Thinking temperature might be an issue--as well as humidity--I put the still tacky parts outside in the sun for about ten minutes or so. The paint got soft, to the point it started bleeding onto/into the notebook paper it was sitting on. This was done June 20th.

Today I got back to the parts in question. I had removed them from the basement to the first floor. They had cured to the point that I could wet sand them without the paint gumming the paper.

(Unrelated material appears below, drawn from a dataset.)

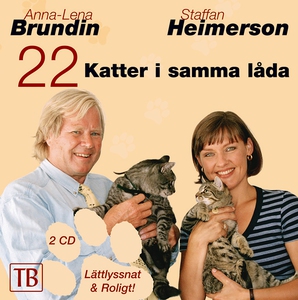 22 katter i samma låda (ljudbok) av Staffan Hei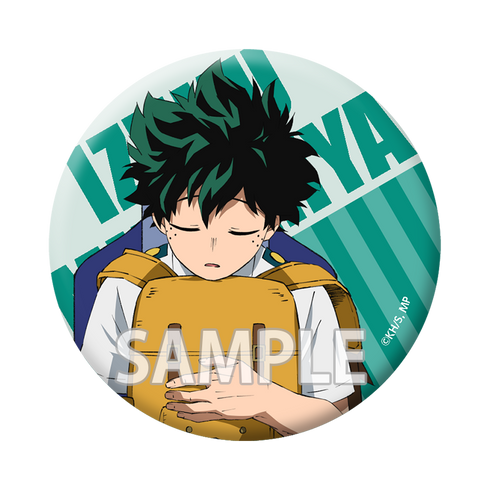 『僕のヒーローアカデミア』トレーディング缶バッジ HEROES NAP BOX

I sprayed some more Testors Pontiac Engine Blue today, and put the wet pieces in front of a box fan--no issues with slow curing at all. Still not as fast a cure as the Gaia or Gunze paints, but well within reason. So, there is a happy ending to this story!


----------



## Hallofame (Jan 13, 2012)

*Infrared temp gun*

I read often people paint in basements and garages and discuss time frames and drying problems and even humidity factors. I paint Fiberglas fish mounts and also do curing of epoxy, which needs good temps in my basement. I found a inexpensive $16.00 infrared laser gun which shoots a beam on almost anything including liquid paint or water and reads back the temp. Has dozens of uses to match corresponding temps. I even used it on my wife. Excellent piece of equipment for painters.


----------



## Y3a (Jan 18, 2001)

With over 200 Brass steam loco's I've painted, and sealed with Testors Gloss lacquer, I ALWAYS thin it with Home Depot/Lowes type lacquer thinner. I buy it by the gallon. I thin it 50-50, and spray at 40 lbs through a Paasche H brush. I then dry the parts in a heated area (about 110 degrees with 250 watt flood). It sounds like the paint was let to dry in a place too cold.


----------



## dreadnaught726 (Feb 5, 2011)

I used the bottleTestors Pontiac Engine Blue lacquer to paint Uncle Martin's ship fro MFM with no drying issues. I used commercial lacquer thinner I got fro Home Depot and thinned the paint to the consistancy of mik, which I do with all my paints. The paint was completely dry in 2 hours with no other issues. Try adjusting your paint to thinner ratio.


----------



## djnick66 (May 2, 2008)

I have had no drying issues with any of the various lacquer paints when either using their proprietary thinner (ie Mr. Color Thinner in Mr. Color paint) or hardware store type lacquer thinner.


----------